Monterey Bay Fish Grotto | Food | Pittsburgh | Pittsburgh City Paper

Monterey Bay Fish Grotto

A re-vamped Mount Washington favorite keeps the view and the well-prepared fresh fish

Grandview Avenue has long been associated with fancy dinners, but what that actually means has changed — for the better. Once, you paid for the view, the service, and for food that, while cooked to an upscale (possibly French) script, was almost beside the point.

Today, the script is different, with the most highly regarded restaurants working some version of the fresh-seasonal-local triad. This is exceedingly hard to do with seafood in Pittsburgh, but Monterey Bay Fish Grotto was the first to trend in that direction. It was a game-changer when it opened, almost 20 years ago, not in a Grandview Avenue storefront, but high atop an apartment tower. The views through the massive windows were stunning, but even more impressive was the food, carefully sourced and impeccably fresh.

Now, after closing for a while to retool, Monterey Bay has reopened. The name — and the view, of course — remain the same, but everything else has changed. A sleek sushi bar, branded Sakari, is the focal point of a separate dining room away from the postcard view, the better to focus on the chefs. In the main dining room, the menu is not seasonal in the sense of “what’s at the farmer’s market today,” but its seamless blend of contemporary and classic feels caught up to our present moment of dining preferences. The dishes on offer demonstrate the kitchen’s familiarity with current tastes and trends without offering anything too unfamiliar or challenging.

Similarly, the interior is as tastefully modern as any in the city, with deep-sea blues and grays, dark-stained wood, moody lighting and terraced levels separated by glass railings, all designed to frame and reveal the panoramic views. Service was formal, but warm and professional.

click to enlarge Monterey Bay Fish Grotto
Photo by Heather Mull
Ceviche roll

Sushi aside, we noticed a pervasive Asian influence on the menu. Latin American ceviche was served with pickled Asian vegetables, while a grilled wedge of baby iceberg, updated with smoked blue cheese and pancetta, included sriracha red peppers. 

We decided to go for the off-menu appetizer combo our server told us about. It included a single crab cake (touted as a house specialty), two skewers of grilled fish of various varieties and seared jumbo shrimp.

In a city where crab cakes are improbably ubiquitous, Monterey Bay’s stand out for their almost creamy texture and succulent meat folded with a binder that’s moist, almost like bread pudding. A puddle of aioli was rich and mild, with just a touch of piquancy. 

The rest of the platter didn’t fare as well. The skewer — called “Ichiban” on the a la carte appetizer list — included five small cubes of tuna, salmon and swordfish. But all except the swordfish, in the center, were overdone and heavily glazed, to the point that it became hard to distinguish between the tuna and salmon. The shrimp were also overdone, more chewy than succulent, and the horseradish-marmalade sauce was mostly sweet, not spicy.

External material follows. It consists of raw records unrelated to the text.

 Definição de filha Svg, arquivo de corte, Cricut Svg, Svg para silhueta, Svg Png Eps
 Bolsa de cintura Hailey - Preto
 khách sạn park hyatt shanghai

Sakari, the sushi bar, furnished excellent uncooked fish, however. Salmon nigiri were absolutely silken with a richness that wasn’t unctuous, while the Carson Street roll, made with pork and tempura-fried pearl onions as well as cucumber and avocado, was an innovation that worked. The pork’s flavor and slightly chewy texture were distinct from the suppleness of seafood, but compatible with the vinagered rice. The crunchy onions also worked well, and roasted-garlic sauce was pleasingly savory.

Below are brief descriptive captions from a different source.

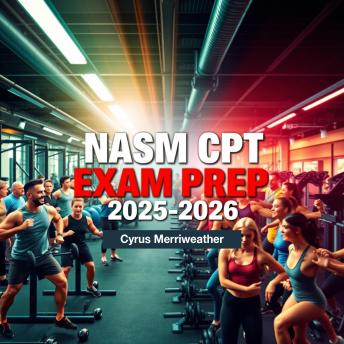 NASM CPT Exam Prep 2025-2026: 'Transform your NASM CPT Exam Prep! Experience engaging audio lessons for unbeatable exam success in 2025-2026.'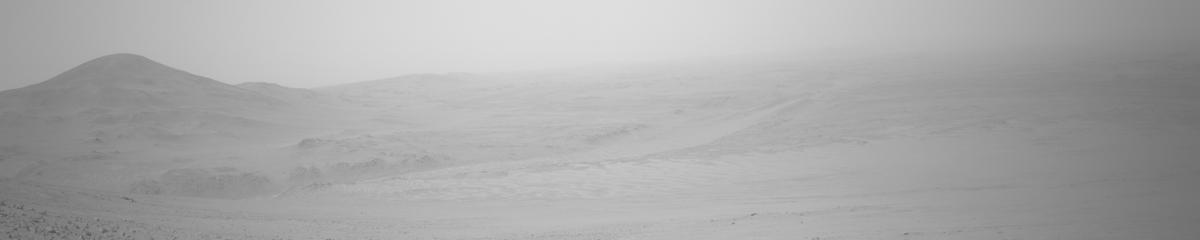 This image was taken by NAVCAM_LEFT onboard NASA's Mars rover Perseverance on Sol 1286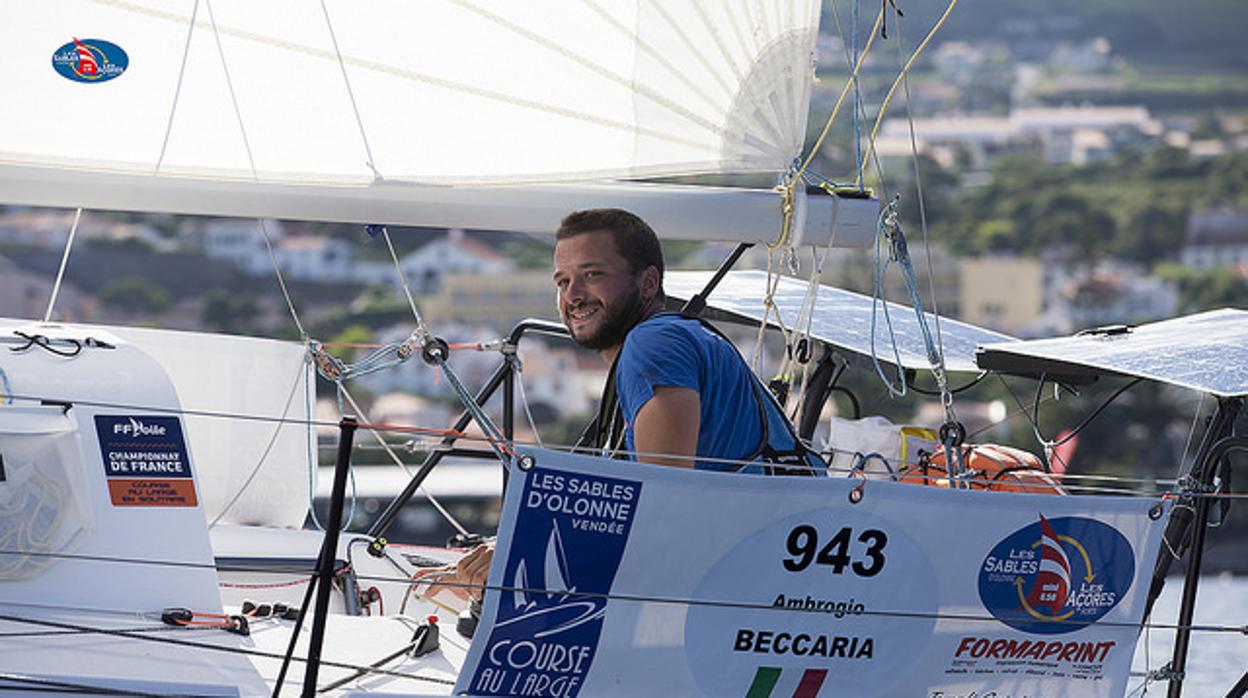 Ambrogio Beccaria ganador de la clase Mini Serie en Horta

Each of the dozen fresh fish on the menu is available in a choice of two preparations, with only a few duplications. The preparations are thoughtfully paired to the fish, such that tuna is available in Asian-inflected styles, while sole sticks to classic French ingredients like butter and lemon. Hearty swordfish spans the Atlantic, with a Parmesan preparation or chimichurri. Chimichurri’s heady mixture of herbs, garlic, olive oil and vinegar was developed in Argentina as a condiment for the red meat farmed there, but it paired beautifully with the steak-like character of swordfish, sautéed to tender, juicy perfection.

Steakhouse-style, Monterey offers a half-dozen “sharable” sides. Simple grilled asparagus was unaccountably tough at the base, but gratin potatoes with smoked blue cheese and truffle was a show-stopper. Countless layers of thin-sliced potatoes were formed into a loaf, a generous slice of which was brought to the table. The sharpness of the cheese was cut by the earthiness of the smoke and truffles, while the potatoes were tender ,yet held together.

Even with our backs to the view, Monterey Bay’s big remodel was a big success in our book. But it was hard not to be disappointed by the inconsistency of the food. At these prices, perfection shouldn’t be too much to ask.